__TASK ITEM__
Below, locate the line that contains "Dıythinker 350 ml". Repeat exactly from that line to the line that contains "Card with horse", inclusive, leaving out the pictures.

------ DATA SHOWN ------

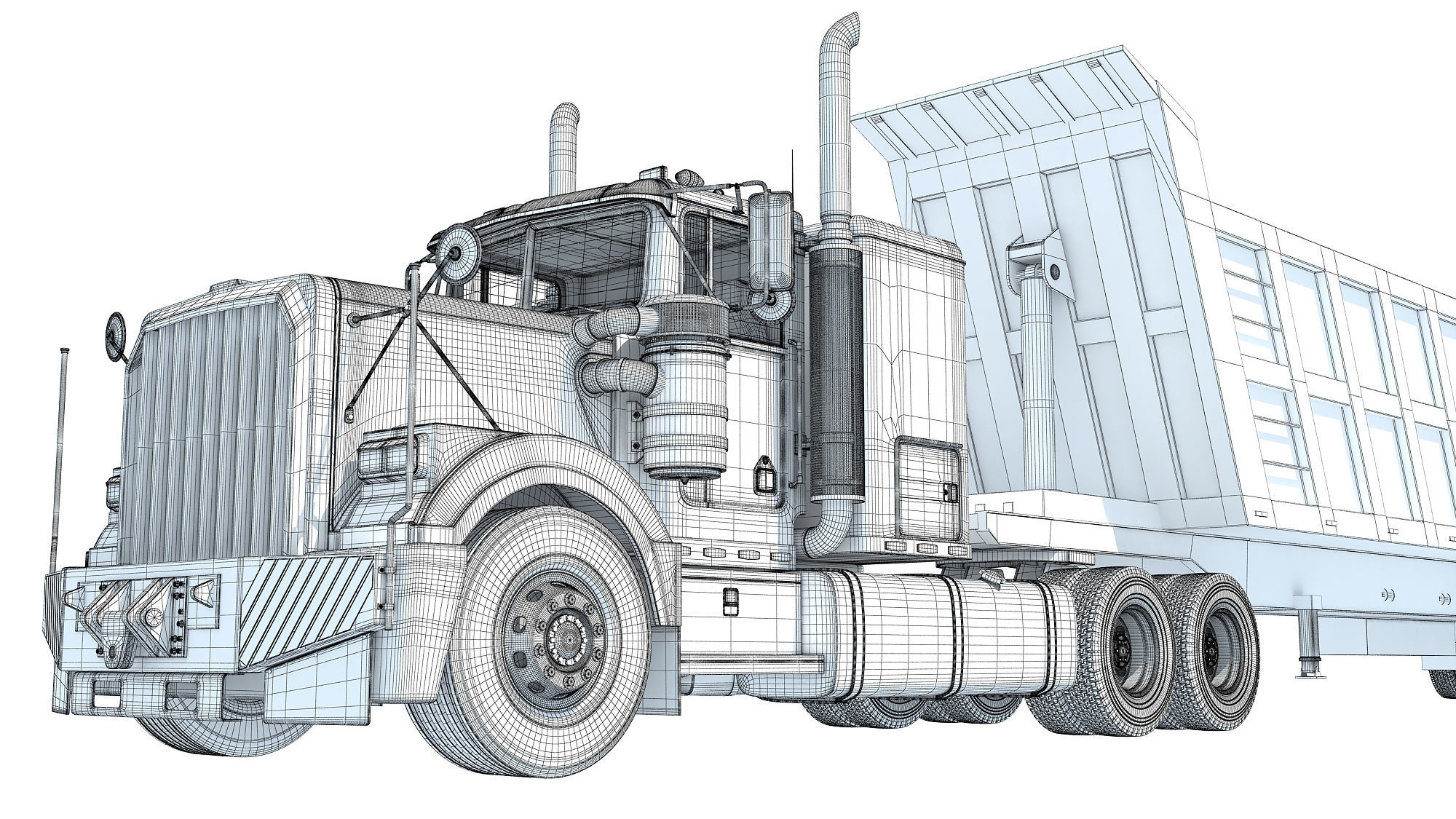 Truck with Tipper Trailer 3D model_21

------
------ DATA SHOWN ------

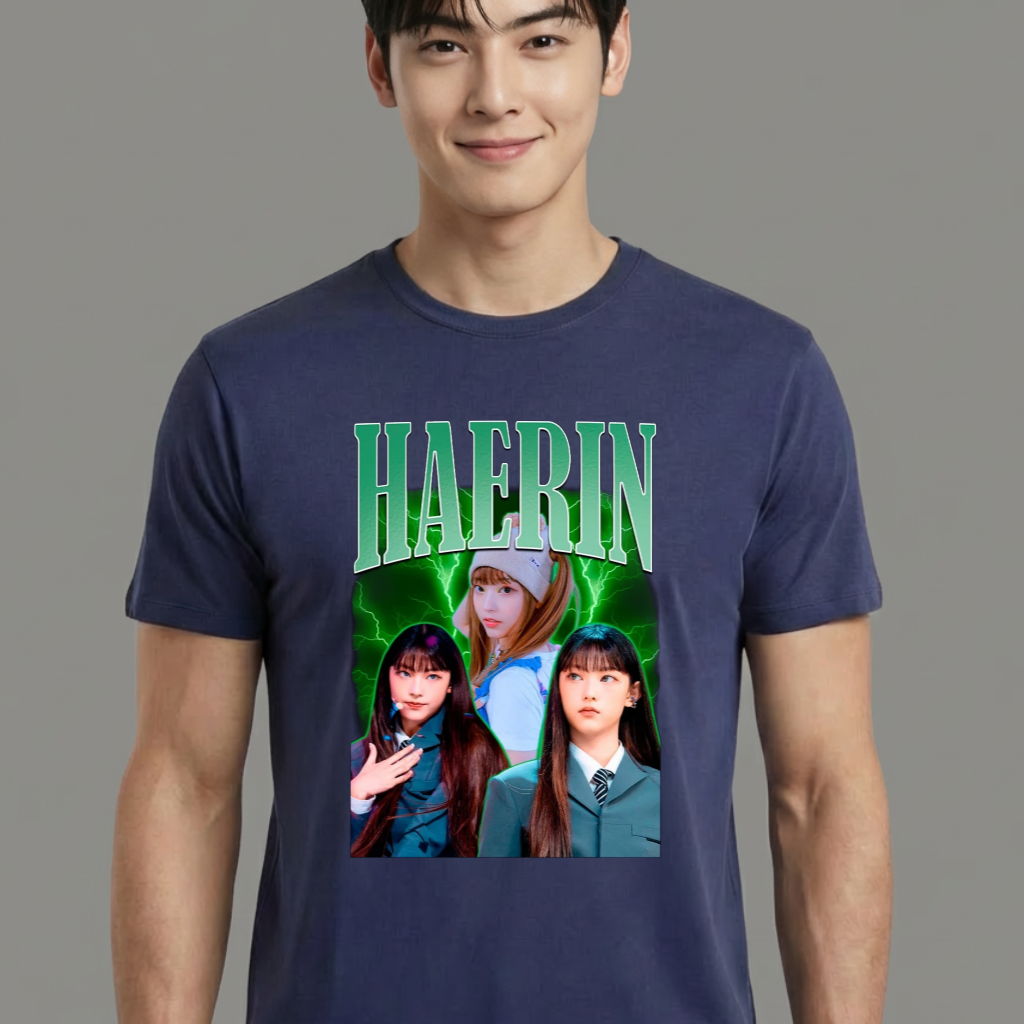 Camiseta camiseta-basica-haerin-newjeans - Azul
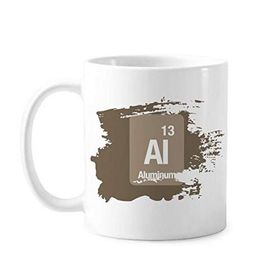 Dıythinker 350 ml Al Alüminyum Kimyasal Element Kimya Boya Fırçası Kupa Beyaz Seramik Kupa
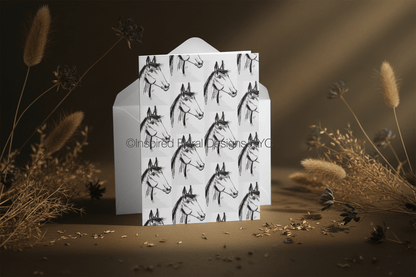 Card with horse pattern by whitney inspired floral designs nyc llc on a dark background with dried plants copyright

------
------ DATA SHOWN ------

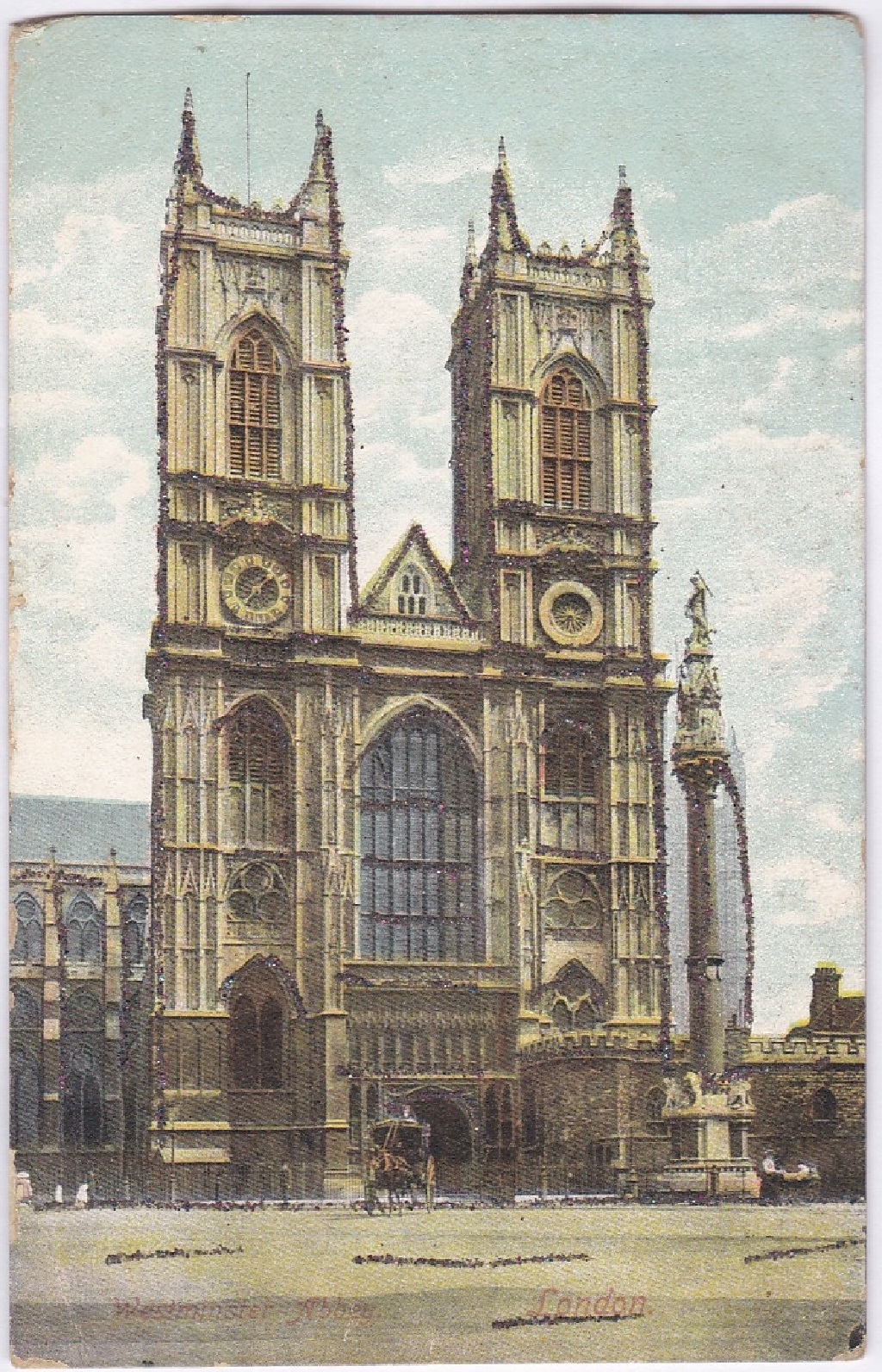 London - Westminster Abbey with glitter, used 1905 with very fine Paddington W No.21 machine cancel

------

__SOLUTION__
 Dıythinker 350 ml Al Alüminyum Kimyasal Element Kimya Boya Fırçası Kupa Beyaz Seramik Kupa
 Card with horse pattern by whitney inspired floral designs nyc llc on a dark background with dried plants copyright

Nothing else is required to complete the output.